Baidu is a leading search engine in China, allowing users to search for information online. The search results are displayed similarly to other search engines, with a list of websites and web pages matching the user's search query.
This blog post covers the process of scraping publicly available Baidu organic search results using Python and Oxylabs' Web Scraper API.
The Baidu Search Engine Results Page (SERP) consists of various elements that help users find the required information quickly. Paid search results, organic search results, and related searches might appear when entering a search query in Baidu.
Similarly to other search engines, Baidu's organic search results are listed to provide users with the most relevant and helpful information related to their original search query.
When you enter a search query on Baidu, you'll see some results marked as "advertise (广告)" Companies pay for these results to appear at the top of the search results.
Baidu's related search feature helps users find additional information related to their search queries. Usually, this feature can be found at the end of the search results page.
If you've ever encountered gathering public information from Baidu, you should know that it's not an easy task. Baidu uses various anti-scraping techniques, such as CAPTCHAs, blocking suspicious user agents and IP addresses, and employing dynamic elements that make accessing content for automated bots difficult.
Baidu's search result page is dynamic, meaning the HTML code can often change. It makes it hard for web scraping tools to locate and gather certain Baidu SERP data. You need to constantly maintain and update your web scraper to get hassle-free public information. This is where a ready-made web intelligence tool, such as our own Web Scraper API, comes in to save time, effort, and resources.
Even if the legality of web scraping is a widely discussed topic, gathering publicly available data from the web, including Baidu search results, may be considered legal. Of course, there are a few rules you must follow when web scraping, such as:
A web scraping tool shouldn't log in to websites and then download data.
Even if there may be fewer restrictions for collecting public data than private information, you still must ensure that you're not breaching laws that may apply to such data, e.g., collecting copyrighted data.
If you're considering starting web scraping, especially for the first time, it's best to get professional legal advice on whether your public data gathering activities won't breach any laws or regulations. For additional information, you can also check our extensive article about the legality of web scraping.
Request a free trial to test our Web Scraper API.

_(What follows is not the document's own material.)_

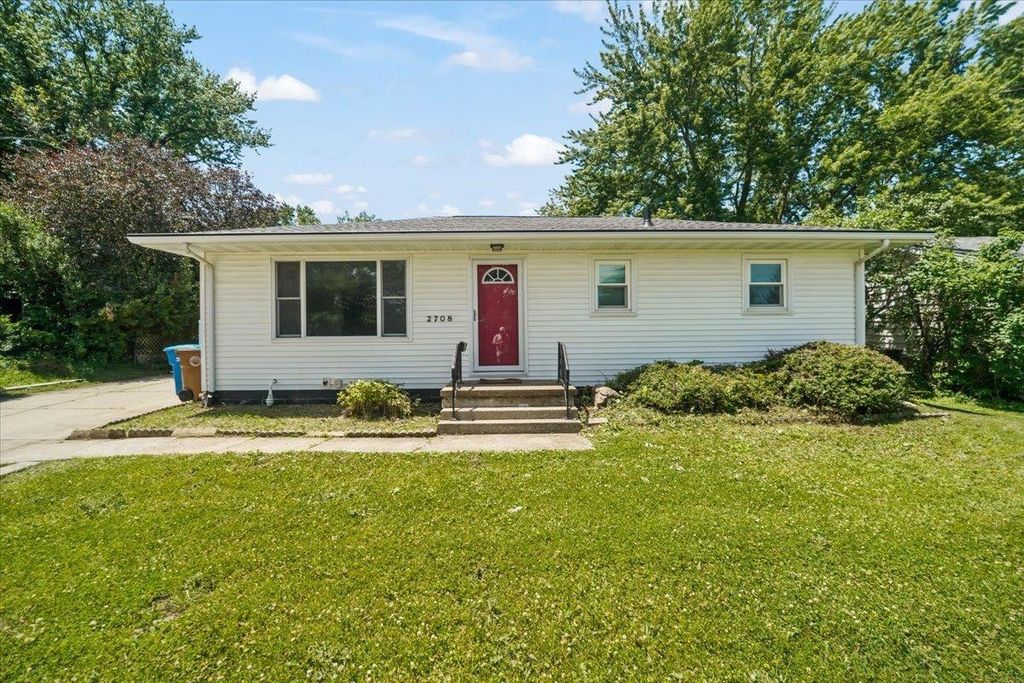 2708 Fairlane Avenue, Waterloo, IA 50702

When you purchase our Web Scraper API or start a free trial, you get the unique credentials needed to gather public data from Baidu. When you have all the necessary information, you can start to implement the web scraping process with Python.

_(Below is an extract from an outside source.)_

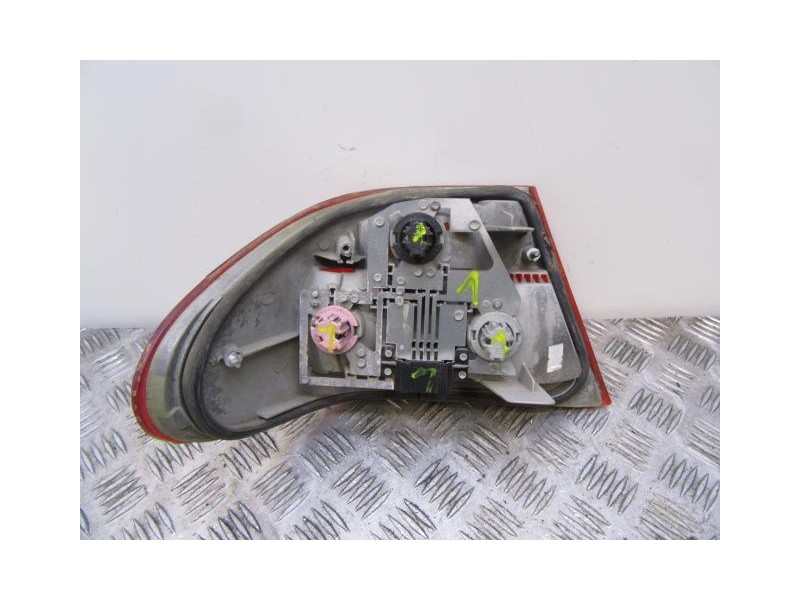 Recambio de piloto trasero dch. : m. benz e 220 : 2.5 td 4p [1998] para m. benz e 220 2.5 td referencia OEM IAM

It can be done with these steps:
Install the requests and bs4 libraries in your Python environment using the pip install requests bs4 command, and import them together with the pprint module in your Python file.
We’ll be using requests for making HTTP requests to the Oxylabs Web Scraper API and the beautifulsoup library for parsing the retrieved HTML content.
It should look like this:
import requests
from bs4 import BeautifulSoup
from pprint import pprint
The API endpoint URL is the URL we’ll be sending our HTTP requests to. You can define the URL as follows:
url = 'https://realtime.oxylabs.io/v1/queries'
You also need to obtain an API key or authorization credentials from us. Once you've received the key, you can use it to make API requests. Define your authentication as follows:
auth = ('your_api_username', 'your_api_password')
Next up, create a dictionary containing the necessary API parameters and the full Baidu URL you want to scrape.
This dictionary must include these parameters:
source must be set to universal.
url – your Baidu URL.
geo_location – the location of your scraping requests.
It should look like this:
payload = {
'source': 'universal',
'url': 'https://www.baidu.com/s?ie=utf-8&wd=nike&rn=50',
'geo_location': 'United States',
}
Check our documentation for a full list of available parameters.
Once you've declared everything, you can pass it as a JSON object in your request body.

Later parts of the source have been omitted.